El 12 de agosto de 1988 murió Jean Michel Basquiat, en Nueva York, a la edad de 27 años por sobredosis de heroína; su fama en vida alcanzó dimensiones considerables, pero él no fue un ``mártir sin causa'' producto del stablishment, sino un joven inconforme, mejor pintor de graffiti que la mayoría de sus compañeros, hijo de una pareja haitiana de la clase media alta. Según la película dirigida por su colega Julian Schnabel, con música de John Cale y de él mismo, su madre lo habría llevado de niño a contemplar el Guernica, de Picasso, que se exhibió siempre en el MoMa hasta su devolución a España terminando el franquismo.
La mujer fue internada en un hospital psiquiátrico y el muchacho se distanció de su padre, aunque no del todo. La película no está en cartelera, pero se encuentra ampliamente anunciada en Internet. Pude verla en el video que circula. Las razones de la psicosis de la madre de Basquiat no quedan en claro, como tampoco los inicios de la adicción de éste a las drogas. No obstante, hay un leitmotiv de escenas marítimas tipo surfing que metaforizan la locura de ella y la prematura muerte de Basquiat. A éste mucho le ayudó su nombre, pues no es lo mismo llamarse Lou Bartel, por ejemplo, que Jean Michel Basquiat lo que se explicita en una de las escenas. Al inicio de la película se le conoce en el underground neoyorquino como Samo (Samet Old Shit, es decir, ``same old shit''). Proponía sus epígrafes como antídoto para ``la mierda de la nueva ola'' a la que sin embargo se asimiló y no sólo a través de su mentor Andy Warhol, quien intentó inculcarle sus conceptos sobre arte, publicidad y novedad, coincidiendo con el hecho de que a principios de los años ochenta la demanda de un arte excitante, producido por minorías que en realidad no lo eran, se disparó a las nubes.

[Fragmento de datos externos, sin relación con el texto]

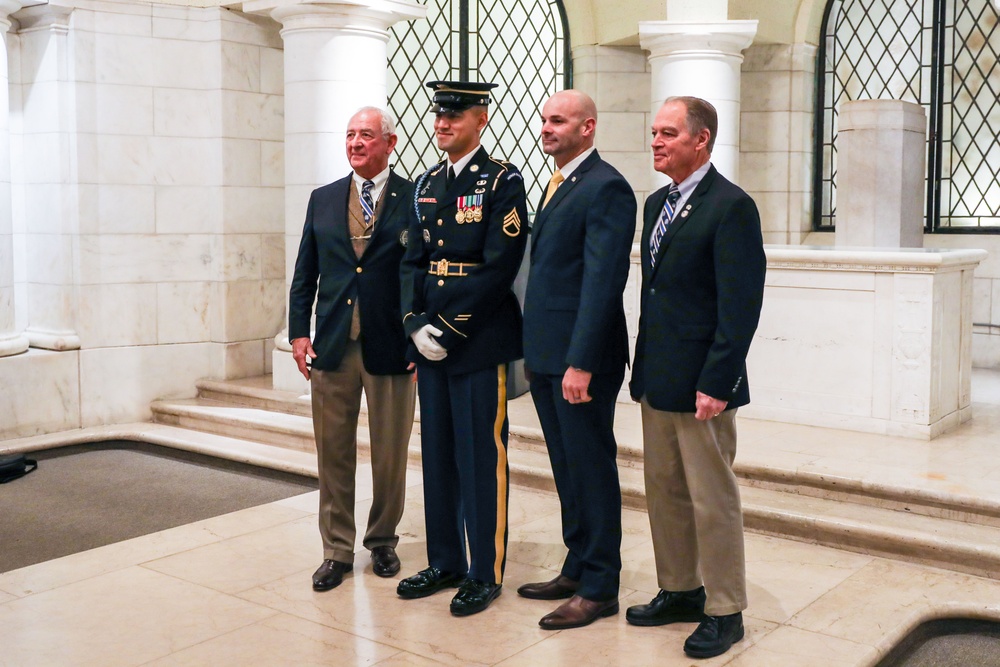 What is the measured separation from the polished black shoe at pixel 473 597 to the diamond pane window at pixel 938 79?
6968 millimetres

Basquiat es interpretado por el guapo actor negro Jeffrey Wright, quien se hizo famoso y merecedor de un Toni Award, por Angels in America. Basquiat era un muchacho muy inteligente que sabía guardar la necesaria distancia ante las situaciones que él mismo provocaba como en la escena del café de SoHo, donde vierte melcocha para hot cakes en la mesa y bosqueja sobre ella el retrato de la mesera Gina, que será su amada.

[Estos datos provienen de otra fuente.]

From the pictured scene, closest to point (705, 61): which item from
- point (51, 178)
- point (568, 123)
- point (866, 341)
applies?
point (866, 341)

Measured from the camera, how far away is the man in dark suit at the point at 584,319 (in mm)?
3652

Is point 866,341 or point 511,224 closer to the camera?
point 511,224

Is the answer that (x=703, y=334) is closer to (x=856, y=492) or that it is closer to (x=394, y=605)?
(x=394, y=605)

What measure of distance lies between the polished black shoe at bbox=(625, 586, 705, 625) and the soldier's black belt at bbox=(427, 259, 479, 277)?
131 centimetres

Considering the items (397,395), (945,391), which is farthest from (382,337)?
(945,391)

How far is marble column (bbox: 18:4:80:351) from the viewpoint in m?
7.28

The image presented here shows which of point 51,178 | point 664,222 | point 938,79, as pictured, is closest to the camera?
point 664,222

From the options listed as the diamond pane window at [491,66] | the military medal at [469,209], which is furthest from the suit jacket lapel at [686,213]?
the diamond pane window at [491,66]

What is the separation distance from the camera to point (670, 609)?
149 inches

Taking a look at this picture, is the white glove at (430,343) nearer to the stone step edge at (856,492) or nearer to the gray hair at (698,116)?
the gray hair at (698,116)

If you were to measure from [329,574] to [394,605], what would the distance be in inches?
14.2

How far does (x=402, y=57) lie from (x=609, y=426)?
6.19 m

Durante su vida artística, los representantes de Basquiat (excepto Warhol) mantuvieron la idea de presentarlo como un heredero sofisticado del niño salvaje y noble que conocemos desde Jean Jacques Rousseau. Schnabel se guarda de caer en semejante absurdo. La leyenda que lo rodeó estaba llena de vulgaridades nefastas, como concebir que un artista negro, por serlo, produciría obras de infalible frescura gracias sus instintos primitivos y liberados, sin el menor intento de autocrítica. Esos presupuestos son absolutamente racistas y hay que agradecer a Schnabel la imagen que presenta de su colega, de estrambótico peinado y ropa de marca, a veces casualmente harapienta, conocedor de los buenos vinos, los perfumes y las sedas. En cambio, el director no saca el suficiente partido de los estados alterados de conciencia que en alguna medida determinan que Basquiat haya sido algo más que un pintor de graffiti, llevados a telas o montados en soportes vendibles.

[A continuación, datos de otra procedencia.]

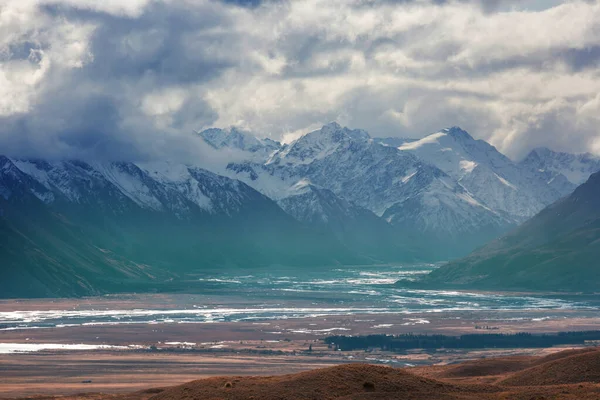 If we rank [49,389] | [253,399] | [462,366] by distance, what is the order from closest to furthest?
[253,399], [462,366], [49,389]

No aparecen muchas obras en pantalla, pero sí las suficientes para ilustrar su capacidad de poner palabras, máscaras, coronas, cráneos, trazos, colores contrastantes, pegotes, sin abarrotar ni emborronar el espacio. Eso es todo, no porque Schnabel se hubiese visto parco, sino porque el niño prodigio no dio más, pese a que cuando su estrella se mantuvo vigente sus precios llegaron a sobrepasar los 200 mil dólares, cosa que no sucede hoy día. Sus procedimientos (los créditos no dicen quién se encarga de realizarlos) quedan ilustrados en pantalla, su trazo era tosco, pero muy firme, enérgico, sin vacilación y con muchas reiteraciones, de haber vivido en los años cuarenta en vez de en los ochenta, Dubuffet lo hubiera amalgamado al Art Brut, pero lejos de que eso sea una virtud a mi parecer es lo que uniforma en exceso su producción y la debilita durante los últimos años de su vida. Eso no queda ilustrado en la película, ni tampoco la urgencia que lo conminaba a producir mucho para pagar a sus proveedores de droga. En cambio, la drogadicción sí está tratada, pero no como condición autodestructiva que irremediablemente llevará al protagonista a la muerte, sino más bien como situación idiosincrática.
Una de las mejores y más aleccionadoras secuencias es el diálogo que el pintor mantiene con un entrevistador convencional. También hace incursión el ex curator del MET: Henry Geldzahler.
Ojalá podamos ver esta película en pantalla grande, Basquiat es más personaje que artista a 10 años de su muerte.